_How to complete this task_: Return the lines of the listing below exactly as they appear, beginning at the one with "Art House Old Village - Image 1" and stopping after the one with "2217 Hunterwood Court, Jacksonville"; do not include pictures.

_Data for this exercise_:

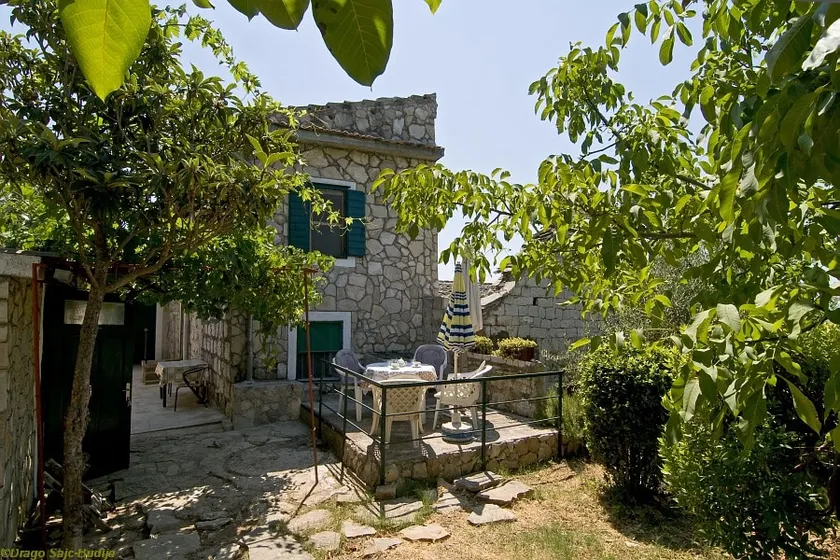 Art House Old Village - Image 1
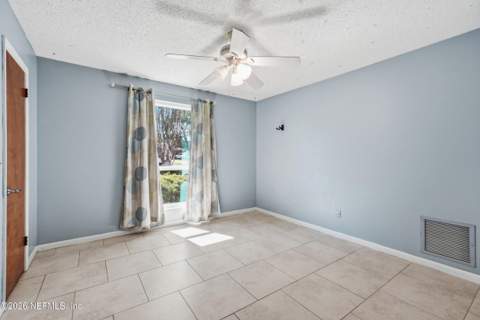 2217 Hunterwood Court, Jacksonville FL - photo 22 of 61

==

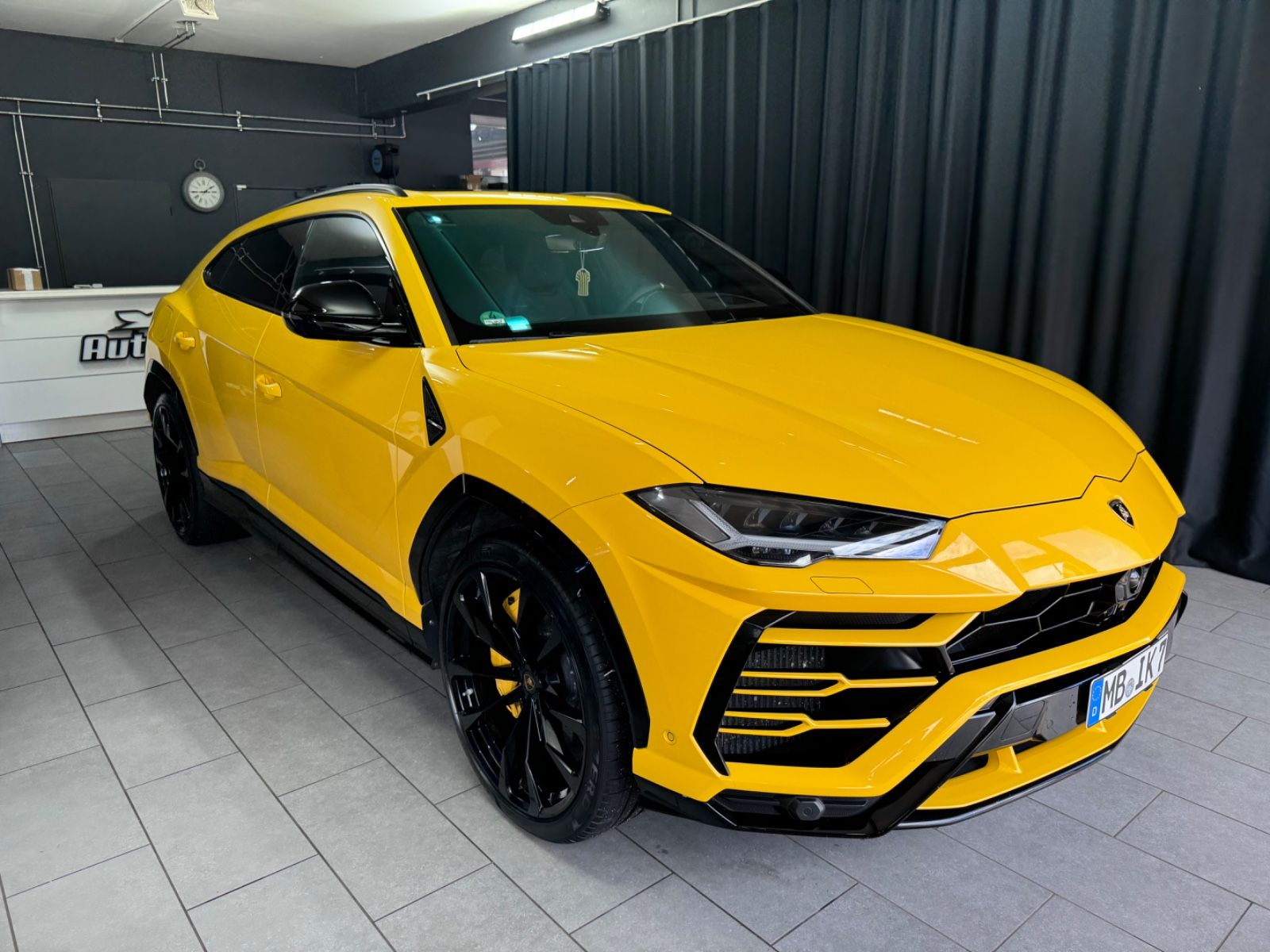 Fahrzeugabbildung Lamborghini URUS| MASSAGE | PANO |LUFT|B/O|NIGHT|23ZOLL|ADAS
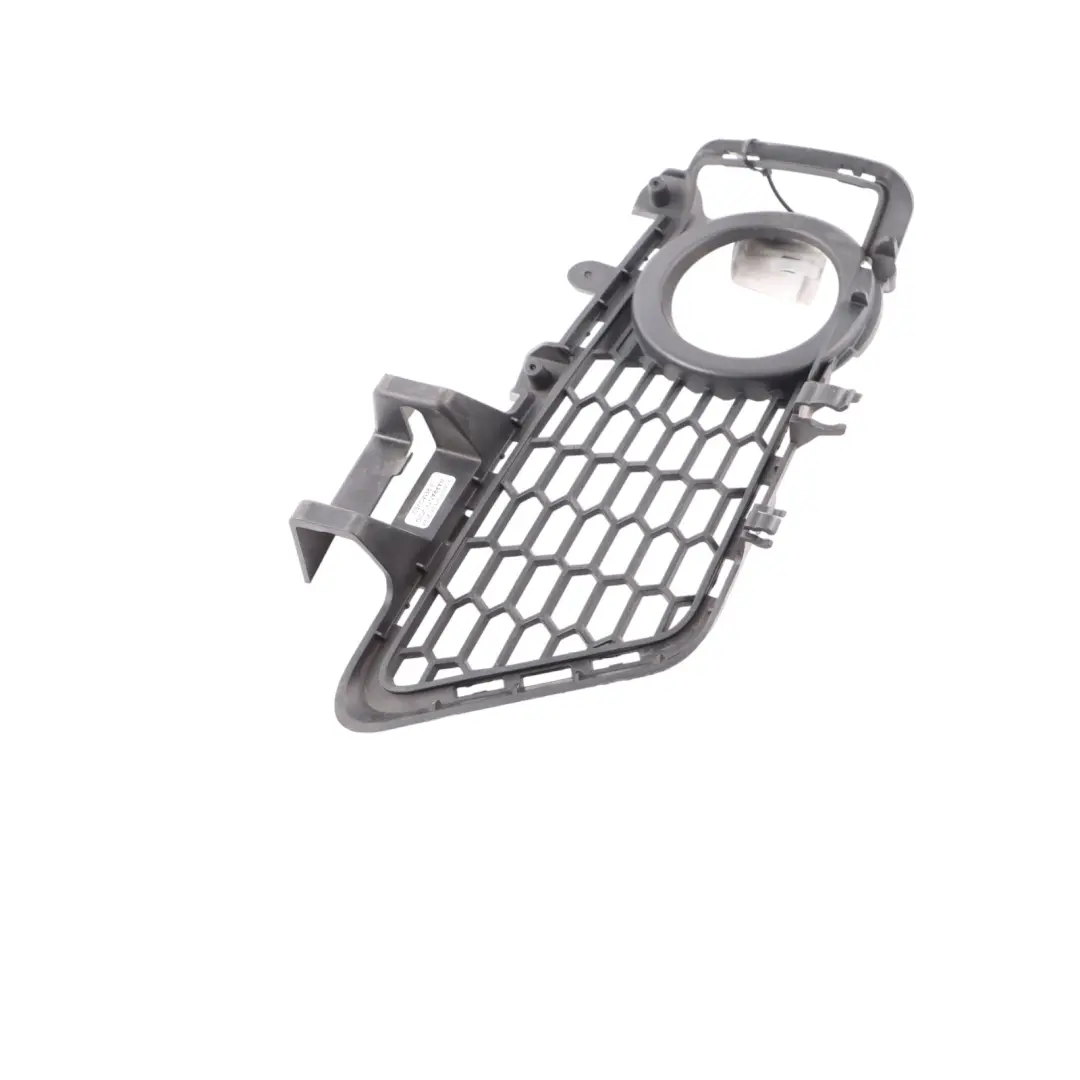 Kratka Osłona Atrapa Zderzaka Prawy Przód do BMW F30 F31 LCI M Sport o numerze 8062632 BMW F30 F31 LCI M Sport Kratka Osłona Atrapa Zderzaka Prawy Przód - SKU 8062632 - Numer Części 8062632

_Exercise output_:
 Art House Old Village - Image 1
 2217 Hunterwood Court, Jacksonville FL - photo 22 of 61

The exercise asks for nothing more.